Murder on the Links (1923)

Plot: Well, there's a murder. On some links.



What happens when Agatha Christie isn't as famously readable as normal? For some reason Murder On The Links bounced off my eyes tiresomely and I grew cross with myself for just not getting it. Well, for the first 150 pages or so.

It's an odd book - lacking the fluid style of "golden age" Christie, the sheer machine code brilliance of "The Mysterious Affair At Styles", or even the bonkers madness of "The Big Four", it just happens. Perfectly competently etc etc, but just so hard to get into.
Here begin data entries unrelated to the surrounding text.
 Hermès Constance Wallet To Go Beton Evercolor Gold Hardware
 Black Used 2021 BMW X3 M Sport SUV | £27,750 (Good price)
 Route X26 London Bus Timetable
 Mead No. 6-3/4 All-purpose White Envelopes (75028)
The failing is more with me than with Christie - by now I'm looking for things which aren't yet there. Poirot is a stiff cadaver, Hastings an unsubtle booby, and although the murder happens swiftly, the mechanics of the investigation grind mercilessly on as one drab character after another is wheeled creakingly to the stage to give a statement. It's all so lifeless and tepid.
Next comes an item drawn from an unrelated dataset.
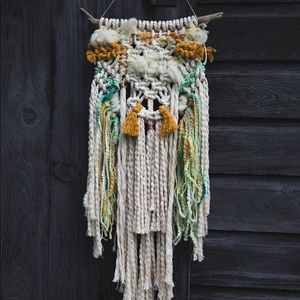 Handmade Macrame & Wool Wall Hanging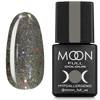 MOON FULL 324 nail polish silver-olive of shiny glitter 8ml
Poirot's stilted characterisation isn't helped by the introduction of Giraud, an even more outlandishly eccentric Gallic detective. Each is just a heap of annoying mannerisms, both treat Hastings with amused scorn, and neither makes the other feel real and...
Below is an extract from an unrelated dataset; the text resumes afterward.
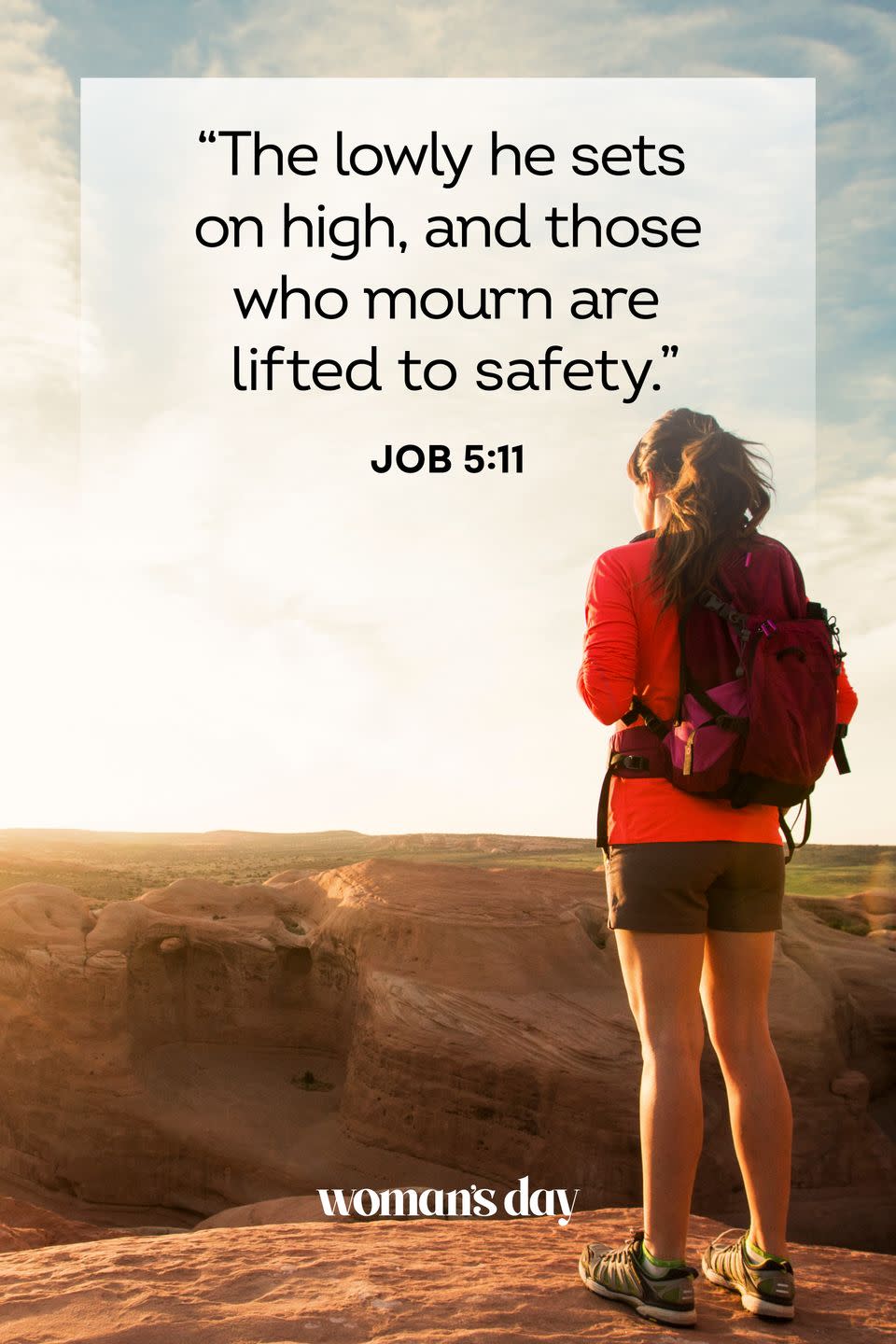 <p>“The lowly he sets on high, and those who mourn are lifted to safety.” </p><p><strong>The Good News: </strong>God takes care of those who are in low, unsafe places. He comforts and protects them.</p>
And then, once you're over the first 150 pages, the fireworks go off.

Trying to put my finger on it, I'd risk saying that the book improves as soon as Christie gets her big cheat out of the way. Poirot rushes off to Paris and comes back with a bit of information the reader could not have possibly known, deduced or guessed. As soon as Poirot slaps this down on the table, the book changes gear and all sorts of intercontinental madness is rolled out at great pace, the enormous plot engine churning furiously away.

Suddenly the book becomes ripping fun. We meet twin acrobats! We hurtle between France and England and France again! We meet new characters! We dramatically re-interpret old ones! There are wigs and disguises, and remarkable, remarkable twists. It's as though Christie has finally pushed the book up a wearisome slope and is now enjoying freewheeling downhill.

All sorts of things that seemed lumpen suddenly have a purpose, and, amid all the fireworks, there's a lot of sheer misdirection. If you catch your breath, the direction from which the murderer comes is obvious, but you don't pause, not even for a second as you're just too excited. Christie keeps pulling back the stage, announcing twist after giddy twist - many of them exquisitely sign-posted.

It's like the welcome return of an old friend. Much of Murder On The Links reads like the kind of contemporary fiction Christie often spoofs - intriguing mystery, eccentric detective, not much else... but those last hundred pages she's firmly back in the driving seat. The glory of the end of the book is tremendous - Poirot is almost godlike in his cunning, Hastings is at his best, both as a character and biased narrator, and the whole thing is fluidly oiled.

Which makes Not Getting On with the opening even more annoying. It feels like the fault is squarely mine rather than Christie's. But, as this is the internet, the home of snide carping, I'll instead say that it is the sign of a mastercrafstman finding their true voice in midflight. There we go - that's a thunderingly mixed metaphor. Good.